■ **The problem**: Precise copying is required. Return the data below in full.
───
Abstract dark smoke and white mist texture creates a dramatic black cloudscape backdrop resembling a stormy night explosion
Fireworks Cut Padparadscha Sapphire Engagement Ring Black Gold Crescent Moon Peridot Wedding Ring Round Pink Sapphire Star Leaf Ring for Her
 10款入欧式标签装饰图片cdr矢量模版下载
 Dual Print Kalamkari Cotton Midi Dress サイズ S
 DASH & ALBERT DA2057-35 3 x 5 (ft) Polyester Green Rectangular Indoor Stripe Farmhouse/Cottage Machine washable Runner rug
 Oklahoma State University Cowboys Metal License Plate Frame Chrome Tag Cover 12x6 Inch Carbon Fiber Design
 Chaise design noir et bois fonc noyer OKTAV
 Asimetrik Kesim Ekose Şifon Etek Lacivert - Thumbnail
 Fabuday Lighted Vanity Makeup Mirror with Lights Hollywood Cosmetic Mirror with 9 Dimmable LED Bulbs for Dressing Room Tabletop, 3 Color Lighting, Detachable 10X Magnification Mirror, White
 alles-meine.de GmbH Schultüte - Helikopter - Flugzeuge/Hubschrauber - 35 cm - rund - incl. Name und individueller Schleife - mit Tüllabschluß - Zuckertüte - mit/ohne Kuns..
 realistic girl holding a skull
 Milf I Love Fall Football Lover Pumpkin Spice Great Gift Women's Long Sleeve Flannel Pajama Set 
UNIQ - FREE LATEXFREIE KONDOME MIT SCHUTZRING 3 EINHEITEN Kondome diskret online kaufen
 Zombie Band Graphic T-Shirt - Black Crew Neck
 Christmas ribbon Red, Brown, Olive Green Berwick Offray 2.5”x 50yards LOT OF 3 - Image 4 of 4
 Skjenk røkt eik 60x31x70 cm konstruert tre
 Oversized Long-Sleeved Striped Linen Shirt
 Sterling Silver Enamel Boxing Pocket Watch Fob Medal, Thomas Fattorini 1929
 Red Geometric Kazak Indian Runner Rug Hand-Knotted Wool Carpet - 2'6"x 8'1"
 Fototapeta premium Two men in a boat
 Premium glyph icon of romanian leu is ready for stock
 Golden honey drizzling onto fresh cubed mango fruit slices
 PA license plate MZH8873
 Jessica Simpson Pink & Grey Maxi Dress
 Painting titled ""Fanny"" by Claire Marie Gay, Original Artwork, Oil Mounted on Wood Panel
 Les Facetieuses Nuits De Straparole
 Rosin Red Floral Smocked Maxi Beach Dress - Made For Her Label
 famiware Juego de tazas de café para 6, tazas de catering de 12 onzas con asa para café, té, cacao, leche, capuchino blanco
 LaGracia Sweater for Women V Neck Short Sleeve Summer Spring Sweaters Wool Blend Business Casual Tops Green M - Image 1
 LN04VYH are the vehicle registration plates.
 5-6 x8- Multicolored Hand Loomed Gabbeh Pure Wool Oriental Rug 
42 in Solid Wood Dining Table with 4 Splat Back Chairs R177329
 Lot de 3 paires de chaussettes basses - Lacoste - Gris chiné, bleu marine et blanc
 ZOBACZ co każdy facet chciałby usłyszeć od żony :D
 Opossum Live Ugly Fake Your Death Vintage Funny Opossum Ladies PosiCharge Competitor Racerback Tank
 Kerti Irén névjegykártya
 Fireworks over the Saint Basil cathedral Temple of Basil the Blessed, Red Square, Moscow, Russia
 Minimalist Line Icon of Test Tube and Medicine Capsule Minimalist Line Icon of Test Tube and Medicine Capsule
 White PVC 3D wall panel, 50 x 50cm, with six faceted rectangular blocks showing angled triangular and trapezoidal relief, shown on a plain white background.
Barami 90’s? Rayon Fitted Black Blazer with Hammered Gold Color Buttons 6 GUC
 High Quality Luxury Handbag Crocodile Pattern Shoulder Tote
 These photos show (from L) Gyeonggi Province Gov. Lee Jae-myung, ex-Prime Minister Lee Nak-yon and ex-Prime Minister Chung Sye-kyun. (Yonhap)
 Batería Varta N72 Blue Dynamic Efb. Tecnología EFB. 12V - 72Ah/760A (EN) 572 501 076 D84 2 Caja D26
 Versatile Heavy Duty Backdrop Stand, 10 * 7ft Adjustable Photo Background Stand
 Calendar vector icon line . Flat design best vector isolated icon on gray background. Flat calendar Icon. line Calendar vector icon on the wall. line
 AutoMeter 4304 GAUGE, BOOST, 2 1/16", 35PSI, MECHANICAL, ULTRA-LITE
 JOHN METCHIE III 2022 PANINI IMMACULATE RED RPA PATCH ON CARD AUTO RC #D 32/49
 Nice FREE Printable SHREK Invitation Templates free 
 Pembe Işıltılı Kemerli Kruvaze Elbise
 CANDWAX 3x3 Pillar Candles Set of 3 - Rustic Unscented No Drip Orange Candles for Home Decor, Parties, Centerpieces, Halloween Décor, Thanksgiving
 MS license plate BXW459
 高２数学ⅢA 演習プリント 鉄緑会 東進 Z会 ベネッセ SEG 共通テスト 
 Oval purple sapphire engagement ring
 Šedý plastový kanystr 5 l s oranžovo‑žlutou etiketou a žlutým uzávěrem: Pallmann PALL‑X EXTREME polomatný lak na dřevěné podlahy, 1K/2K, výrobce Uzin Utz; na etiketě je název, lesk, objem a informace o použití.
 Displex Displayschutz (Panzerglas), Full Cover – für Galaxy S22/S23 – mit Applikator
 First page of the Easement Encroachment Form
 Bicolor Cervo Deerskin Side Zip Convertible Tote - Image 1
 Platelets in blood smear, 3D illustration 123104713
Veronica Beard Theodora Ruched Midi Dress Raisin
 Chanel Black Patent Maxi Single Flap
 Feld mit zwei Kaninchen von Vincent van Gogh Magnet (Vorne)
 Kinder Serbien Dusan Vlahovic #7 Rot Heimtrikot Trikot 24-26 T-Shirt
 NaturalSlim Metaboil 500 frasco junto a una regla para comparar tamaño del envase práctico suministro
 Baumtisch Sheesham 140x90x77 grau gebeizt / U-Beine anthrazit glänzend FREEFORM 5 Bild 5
───
■ **Exercise response**:
Abstract dark smoke and white mist texture creates a dramatic black cloudscape backdrop resembling a stormy night explosion
Fireworks Cut Padparadscha Sapphire Engagement Ring Black Gold Crescent Moon Peridot Wedding Ring Round Pink Sapphire Star Leaf Ring for Her
 10款入欧式标签装饰图片cdr矢量模版下载
 Dual Print Kalamkari Cotton Midi Dress サイズ S
 DASH & ALBERT DA2057-35 3 x 5 (ft) Polyester Green Rectangular Indoor Stripe Farmhouse/Cottage Machine washable Runner rug
 Oklahoma State University Cowboys Metal License Plate Frame Chrome Tag Cover 12x6 Inch Carbon Fiber Design
 Chaise design noir et bois fonc noyer OKTAV
 Asimetrik Kesim Ekose Şifon Etek Lacivert - Thumbnail
 Fabuday Lighted Vanity Makeup Mirror with Lights Hollywood Cosmetic Mirror with 9 Dimmable LED Bulbs for Dressing Room Tabletop, 3 Color Lighting, Detachable 10X Magnification Mirror, White
 alles-meine.de GmbH Schultüte - Helikopter - Flugzeuge/Hubschrauber - 35 cm - rund - incl. Name und individueller Schleife - mit Tüllabschluß - Zuckertüte - mit/ohne Kuns..
 realistic girl holding a skull
 Milf I Love Fall Football Lover Pumpkin Spice Great Gift Women's Long Sleeve Flannel Pajama Set 
UNIQ - FREE LATEXFREIE KONDOME MIT SCHUTZRING 3 EINHEITEN Kondome diskret online kaufen
 Zombie Band Graphic T-Shirt - Black Crew Neck
 Christmas ribbon Red, Brown, Olive Green Berwick Offray 2.5”x 50yards LOT OF 3 - Image 4 of 4
 Skjenk røkt eik 60x31x70 cm konstruert tre
 Oversized Long-Sleeved Striped Linen Shirt
 Sterling Silver Enamel Boxing Pocket Watch Fob Medal, Thomas Fattorini 1929
 Red Geometric Kazak Indian Runner Rug Hand-Knotted Wool Carpet - 2'6"x 8'1"
 Fototapeta premium Two men in a boat
 Premium glyph icon of romanian leu is ready for stock
 Golden honey drizzling onto fresh cubed mango fruit slices
 PA license plate MZH8873
 Jessica Simpson Pink & Grey Maxi Dress
 Painting titled ""Fanny"" by Claire Marie Gay, Original Artwork, Oil Mounted on Wood Panel
 Les Facetieuses Nuits De Straparole
 Rosin Red Floral Smocked Maxi Beach Dress - Made For Her Label
 famiware Juego de tazas de café para 6, tazas de catering de 12 onzas con asa para café, té, cacao, leche, capuchino blanco
 LaGracia Sweater for Women V Neck Short Sleeve Summer Spring Sweaters Wool Blend Business Casual Tops Green M - Image 1
 LN04VYH are the vehicle registration plates.
 5-6 x8- Multicolored Hand Loomed Gabbeh Pure Wool Oriental Rug 
42 in Solid Wood Dining Table with 4 Splat Back Chairs R177329
 Lot de 3 paires de chaussettes basses - Lacoste - Gris chiné, bleu marine et blanc
 ZOBACZ co każdy facet chciałby usłyszeć od żony :D
 Opossum Live Ugly Fake Your Death Vintage Funny Opossum Ladies PosiCharge Competitor Racerback Tank
 Kerti Irén névjegykártya
 Fireworks over the Saint Basil cathedral Temple of Basil the Blessed, Red Square, Moscow, Russia
 Minimalist Line Icon of Test Tube and Medicine Capsule Minimalist Line Icon of Test Tube and Medicine Capsule
 White PVC 3D wall panel, 50 x 50cm, with six faceted rectangular blocks showing angled triangular and trapezoidal relief, shown on a plain white background.
Barami 90’s? Rayon Fitted Black Blazer with Hammered Gold Color Buttons 6 GUC
 High Quality Luxury Handbag Crocodile Pattern Shoulder Tote
 These photos show (from L) Gyeonggi Province Gov. Lee Jae-myung, ex-Prime Minister Lee Nak-yon and ex-Prime Minister Chung Sye-kyun. (Yonhap)
 Batería Varta N72 Blue Dynamic Efb. Tecnología EFB. 12V - 72Ah/760A (EN) 572 501 076 D84 2 Caja D26
 Versatile Heavy Duty Backdrop Stand, 10 * 7ft Adjustable Photo Background Stand
 Calendar vector icon line . Flat design best vector isolated icon on gray background. Flat calendar Icon. line Calendar vector icon on the wall. line
 AutoMeter 4304 GAUGE, BOOST, 2 1/16", 35PSI, MECHANICAL, ULTRA-LITE
 JOHN METCHIE III 2022 PANINI IMMACULATE RED RPA PATCH ON CARD AUTO RC #D 32/49
 Nice FREE Printable SHREK Invitation Templates free 
 Pembe Işıltılı Kemerli Kruvaze Elbise
 CANDWAX 3x3 Pillar Candles Set of 3 - Rustic Unscented No Drip Orange Candles for Home Decor, Parties, Centerpieces, Halloween Décor, Thanksgiving
 MS license plate BXW459
 高２数学ⅢA 演習プリント 鉄緑会 東進 Z会 ベネッセ SEG 共通テスト 
 Oval purple sapphire engagement ring
 Šedý plastový kanystr 5 l s oranžovo‑žlutou etiketou a žlutým uzávěrem: Pallmann PALL‑X EXTREME polomatný lak na dřevěné podlahy, 1K/2K, výrobce Uzin Utz; na etiketě je název, lesk, objem a informace o použití.
 Displex Displayschutz (Panzerglas), Full Cover – für Galaxy S22/S23 – mit Applikator
 First page of the Easement Encroachment Form
 Bicolor Cervo Deerskin Side Zip Convertible Tote - Image 1
 Platelets in blood smear, 3D illustration 123104713
Veronica Beard Theodora Ruched Midi Dress Raisin
 Chanel Black Patent Maxi Single Flap
 Feld mit zwei Kaninchen von Vincent van Gogh Magnet (Vorne)
 Kinder Serbien Dusan Vlahovic #7 Rot Heimtrikot Trikot 24-26 T-Shirt
 NaturalSlim Metaboil 500 frasco junto a una regla para comparar tamaño del envase práctico suministro
 Baumtisch Sheesham 140x90x77 grau gebeizt / U-Beine anthrazit glänzend FREEFORM 5 Bild 5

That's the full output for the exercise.